Harga bahan baku yang naik sulit diimbangi dengan kenaikan harga seporsi mi ramen.
Tokyo, Suarathaialand- Jumlah restoran mi ramen di Jepang yang bangkrut pada tahun 2024 mencapai rekor, menurut sebuah firma riset, karena reputasi makanan yang terjangkau membatasi ruang untuk menaikkan harga di tengah melonjaknya biaya bahan dan utilitas.
Hal lain karena meningkatnya biaya personel karena kekurangan tenaga kerja, kebangkrutan di antara operator bisnis ramen yang mengakibatkan kewajiban setidaknya 10 juta yen (2,2 juta baht) pada tahun 2024 melonjak lebih dari 30% menjadi 72, naik dari 53 pada tahun 2023, kata Teikoku Databank Ltd.

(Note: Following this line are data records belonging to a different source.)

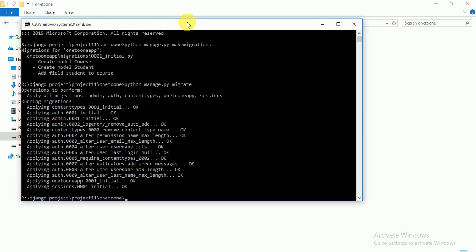I think that's enough for this video. In the next video I will insert some values in both tables using the admin site. I will also tell you how to access the admin site and how to insert data into a table. In this video I just covered how to make two tables which contain a 1-to-1 relationship between each other. Thank you so much guys for watching this video.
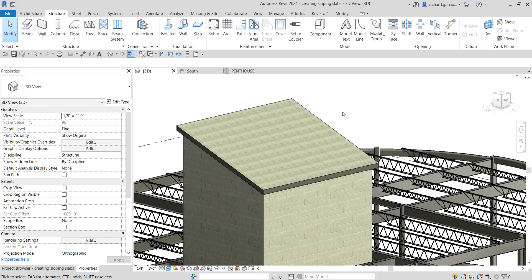That's how you create a sloping slab. Hopefully you learned something from this video. If you have any comments, questions, or suggestions, put them in the comment section below and I'll get back to you as soon as I can. Thank you for watching, have a nice day.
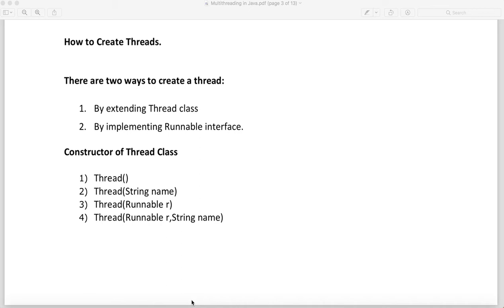The Thread class has four constructors. One constructor which has no argument, one constructor where you can give the name of the thread, one constructor where you can supply a Runnable interface as argument, and one constructor where you can supply a Runnable interface as well as give the name of the thread. These are the four constructors we have in the Thread class.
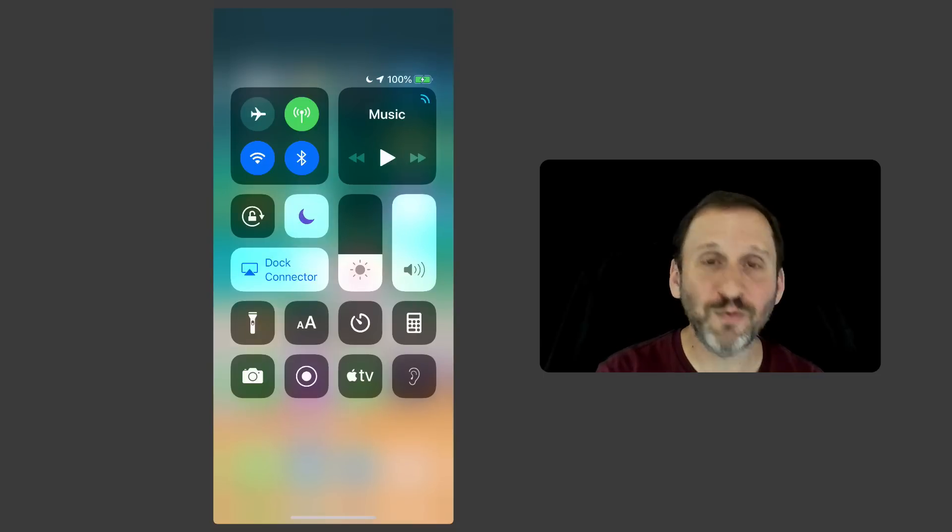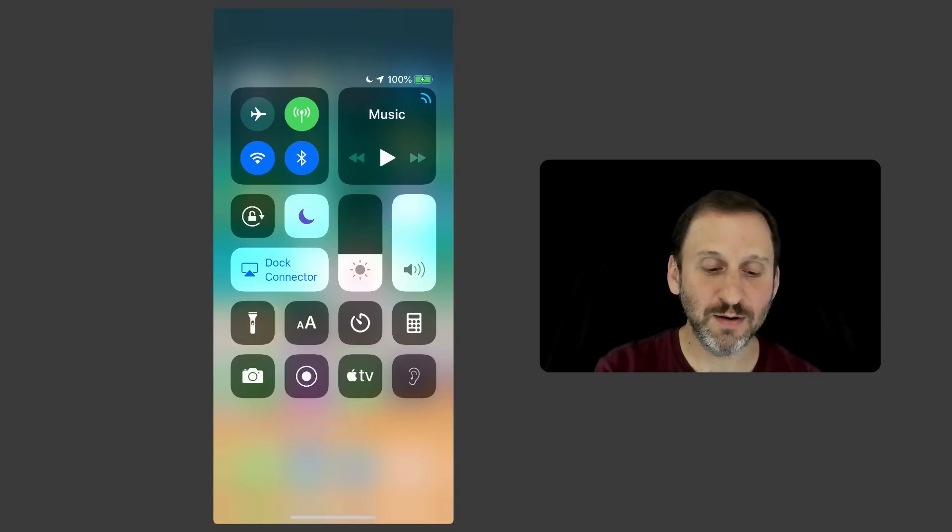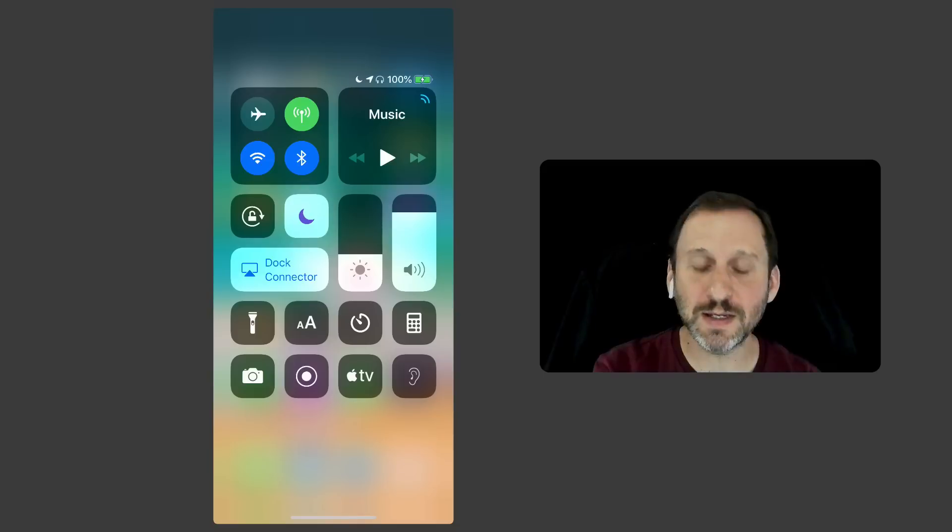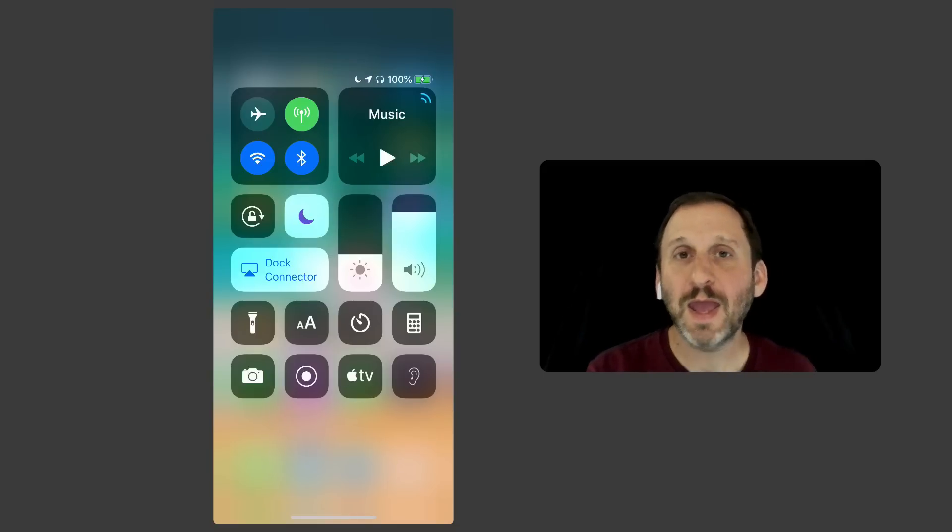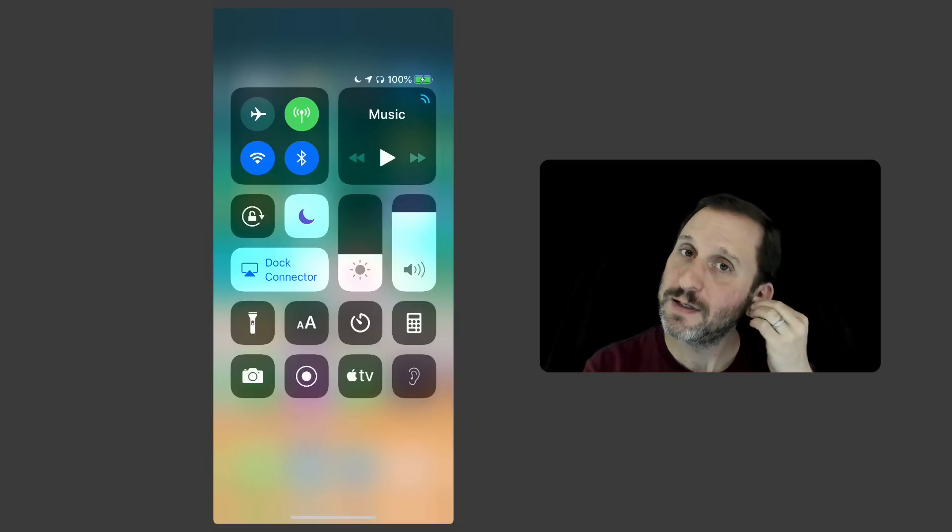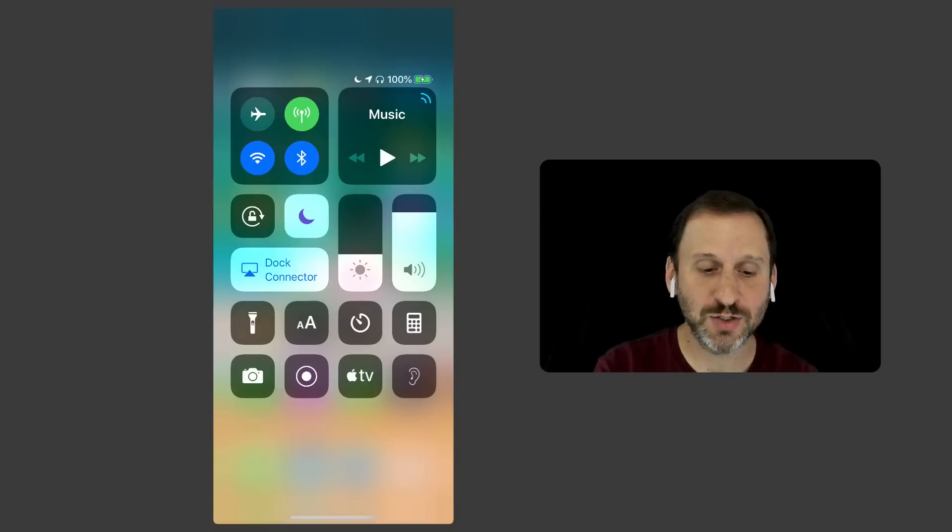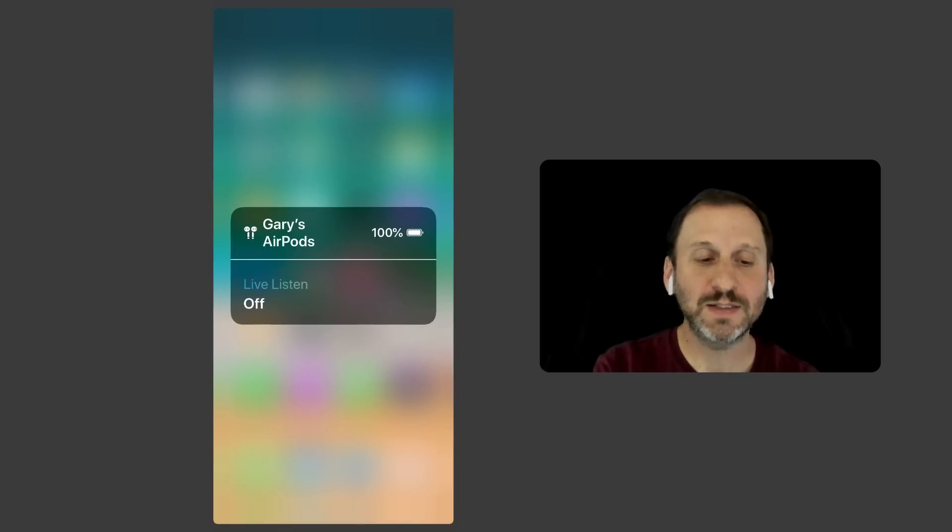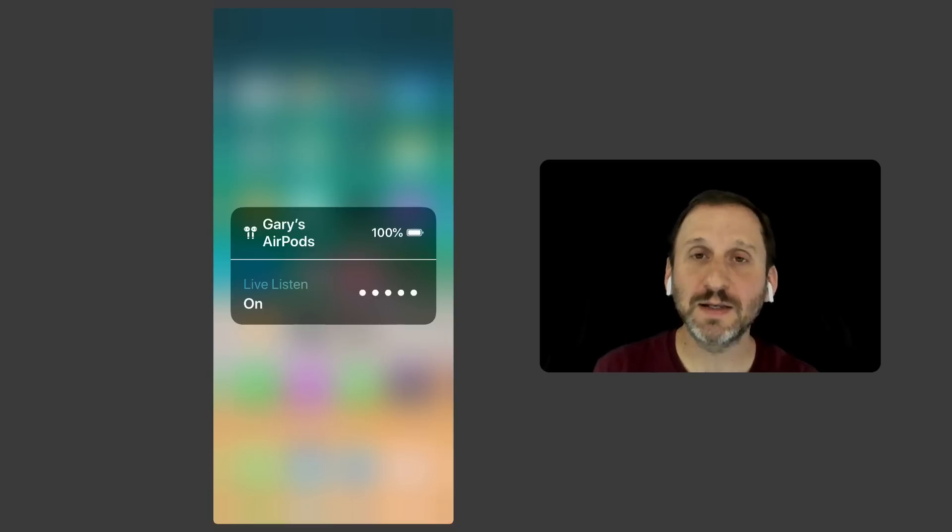Before I do that I'm going to put in my AirPods. So I put these in and now I can go ahead and turn this on. You can see here it shows Live Listen and it says Off, so I tap it again and now it's on.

Mi kuah ramen Jepang biasanya memadukan topping daging dan sayuran dengan kaldu. Meskipun biaya meningkat, harga rata-rata semangkuk ramen masih di bawah 700 yen, menurut Teikoku Databank. Makanan pokok makan siang yang populer atau kenikmatan larut malam, ramen juga memiliki penggemar di luar negeri.
Namun dengan biaya bahan baku pada tahun 2024 per Oktober yang naik rata-rata lebih dari 10% dari tahun 2022, para pebisnis harus menaikkan harga mendekati 1.000 yen. Meskipun rendah dibandingkan dengan banyak pilihan tempat makan, melewati batas itu dipandang sebagai pukulan bagi citra ramen bagi orang biasa.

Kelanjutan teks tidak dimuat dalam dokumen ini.